INFORMATION SUPPLIED ::
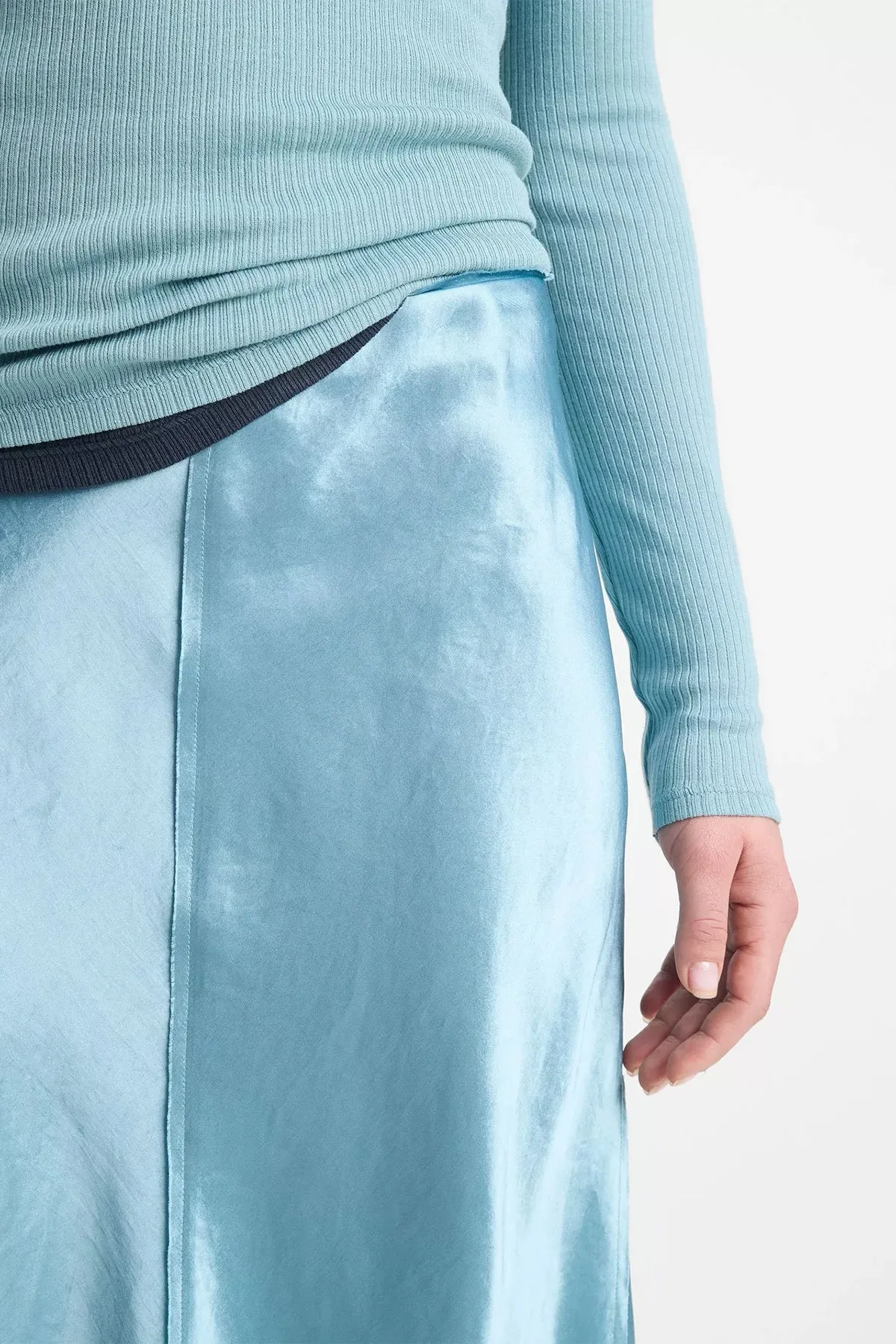 Satin Raw-Edge Paneled Slip Skirt in Jade Sea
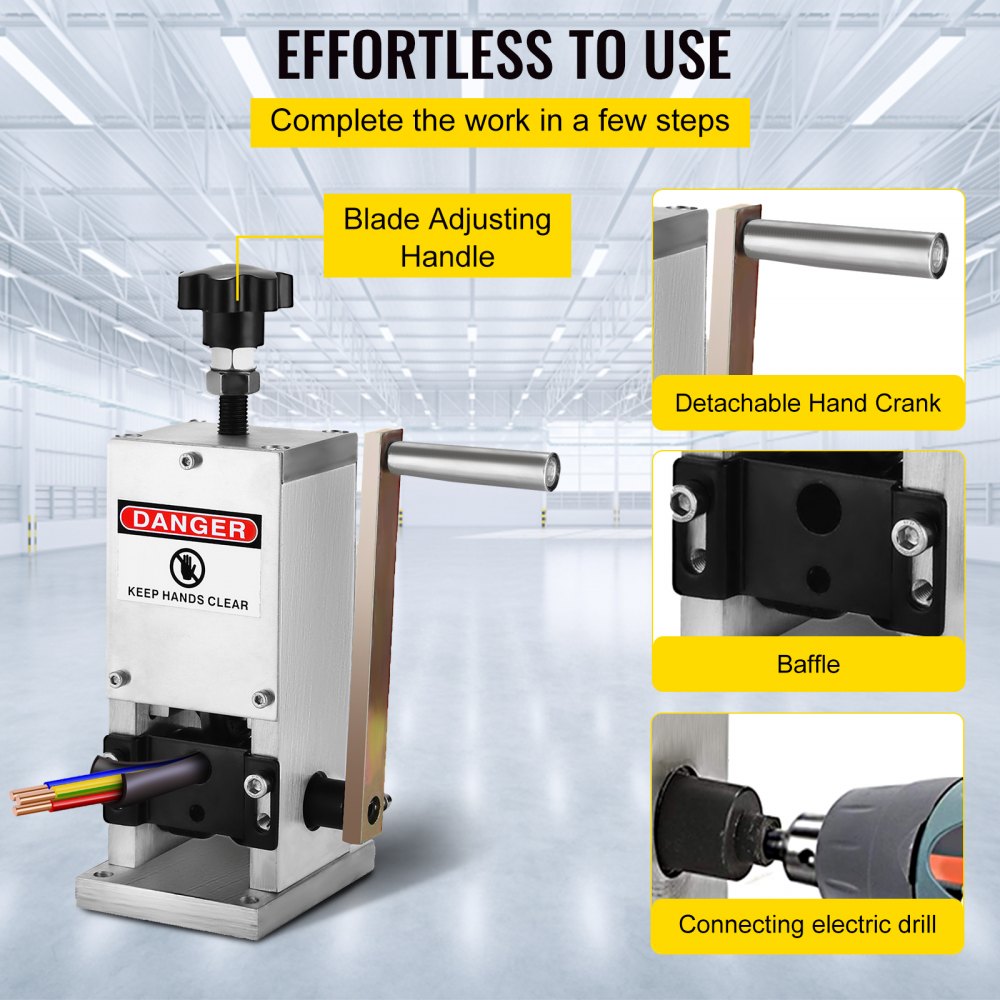 VEVOR Manual Wire Stripping Machine 0.06-0.98 inches, Wire Stripper Machine with Hand Crank Portable, Wire Stripping Tool Aluminum Construction,for Scrap Copper Recycling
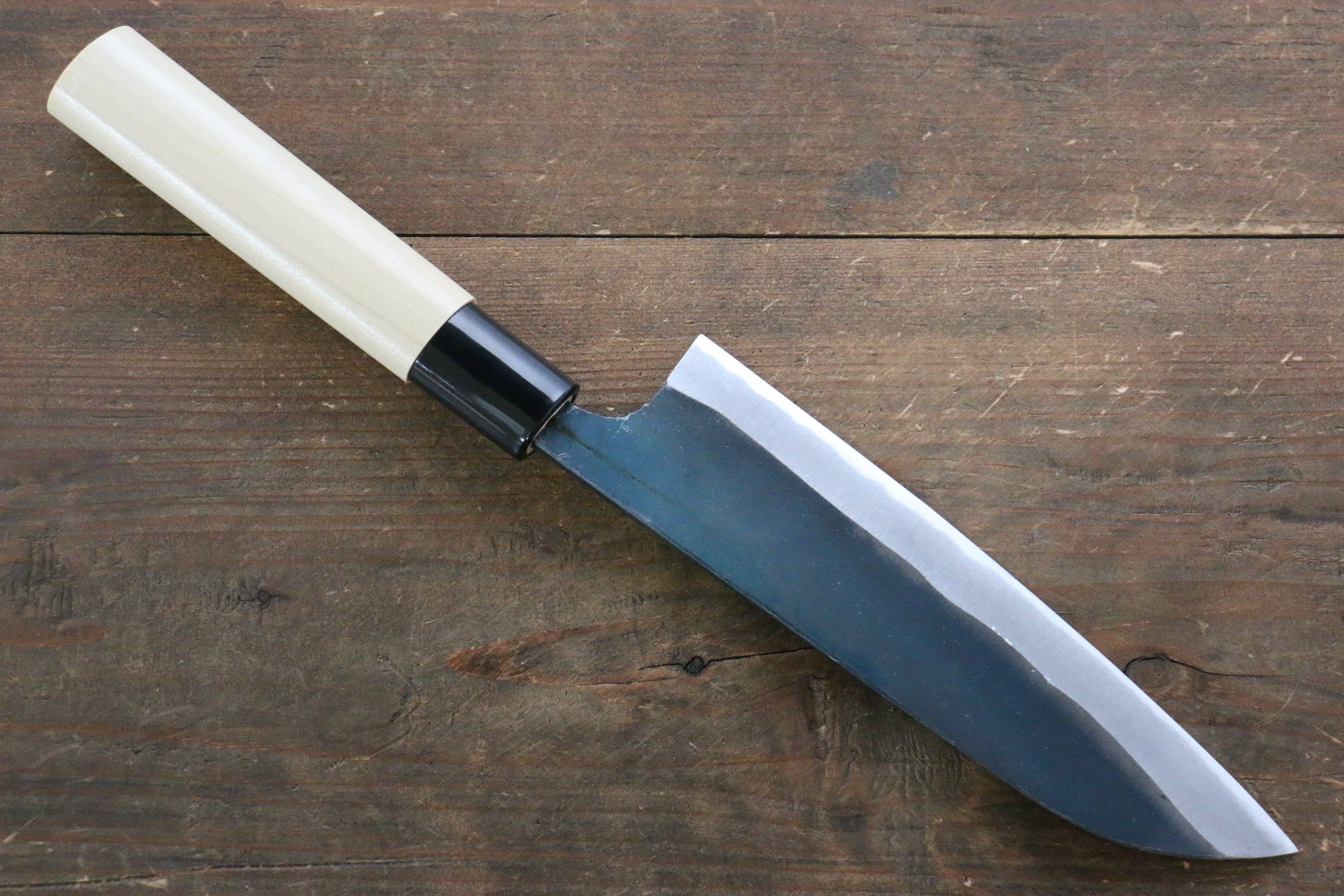 Kanetsune Blue Steel No.2 Kurouchi Santoku 165mm Magnolia Handle - Japanny - Best Japanese Knife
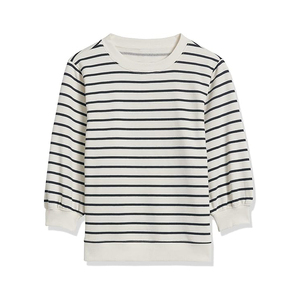 เสื้อสเวตเชิ้ตคอกลมลายทางแบบยูนิเซ็กซ์ แขนสามส่วน ทรงหลวม ผลิตจากผ้าฝ้ายถัก สวมใส่สบาย เหมาะสำหรับฤดูหนาว ขายส่ง OEM - Product Image 6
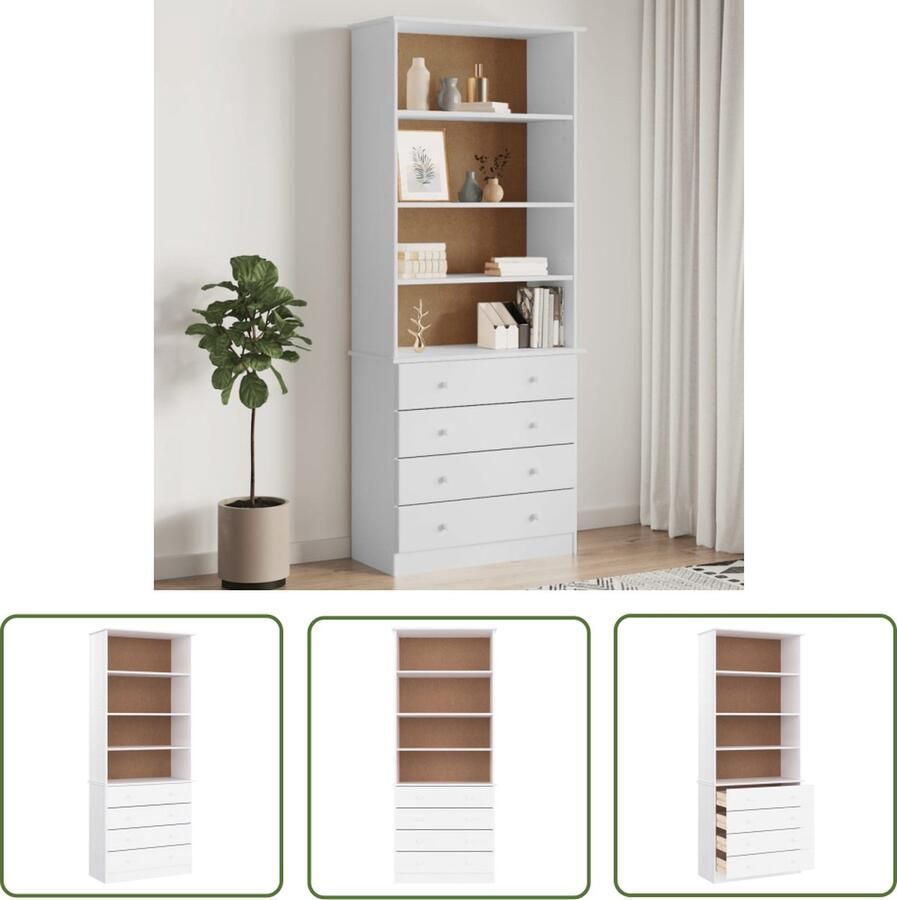 The Living Store Boekenkast met lades ALTA 77x35x186 5 cm massief grenenhout wit Boekenkast Houten Boekenkast Grenenhouten Boekenkast Bibliotheek Opbergkast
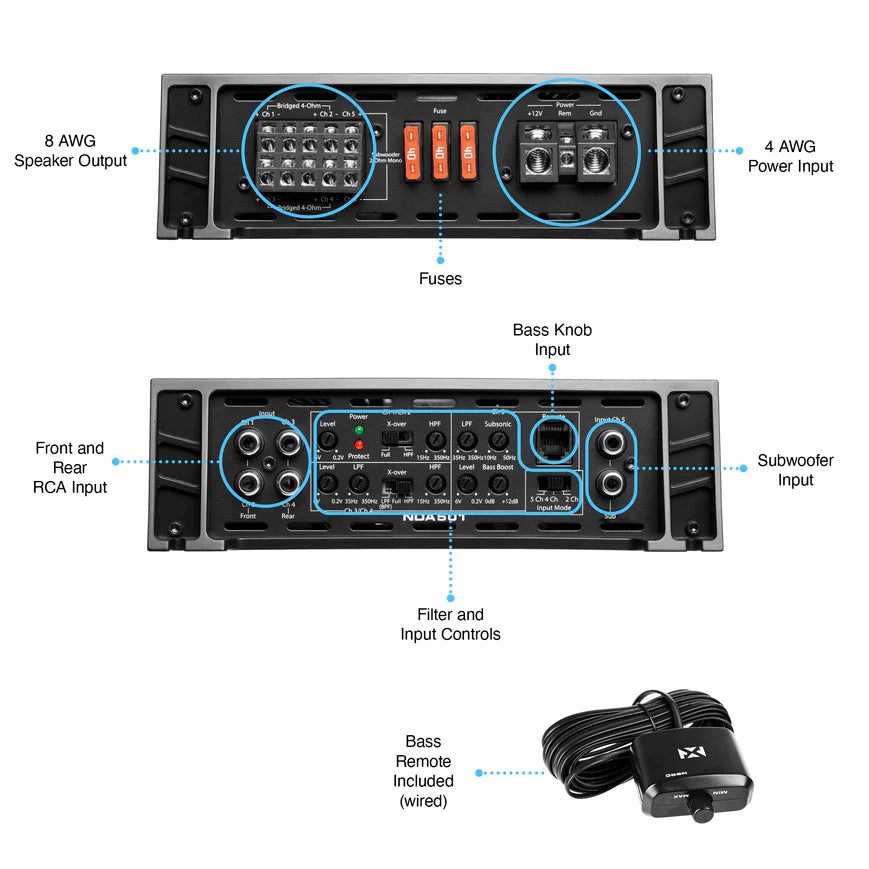 NVX NDA501 980W RMS N-Series Class-D 5-Channel Car Amplifier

EXERCISE AIM :: Retype the whole listing exactly and leave the pictures out.

ANSWER AREA ::
 Satin Raw-Edge Paneled Slip Skirt in Jade Sea
 VEVOR Manual Wire Stripping Machine 0.06-0.98 inches, Wire Stripper Machine with Hand Crank Portable, Wire Stripping Tool Aluminum Construction,for Scrap Copper Recycling
 Kanetsune Blue Steel No.2 Kurouchi Santoku 165mm Magnolia Handle - Japanny - Best Japanese Knife
 เสื้อสเวตเชิ้ตคอกลมลายทางแบบยูนิเซ็กซ์ แขนสามส่วน ทรงหลวม ผลิตจากผ้าฝ้ายถัก สวมใส่สบาย เหมาะสำหรับฤดูหนาว ขายส่ง OEM - Product Image 6
 The Living Store Boekenkast met lades ALTA 77x35x186 5 cm massief grenenhout wit Boekenkast Houten Boekenkast Grenenhouten Boekenkast Bibliotheek Opbergkast
 NVX NDA501 980W RMS N-Series Class-D 5-Channel Car Amplifier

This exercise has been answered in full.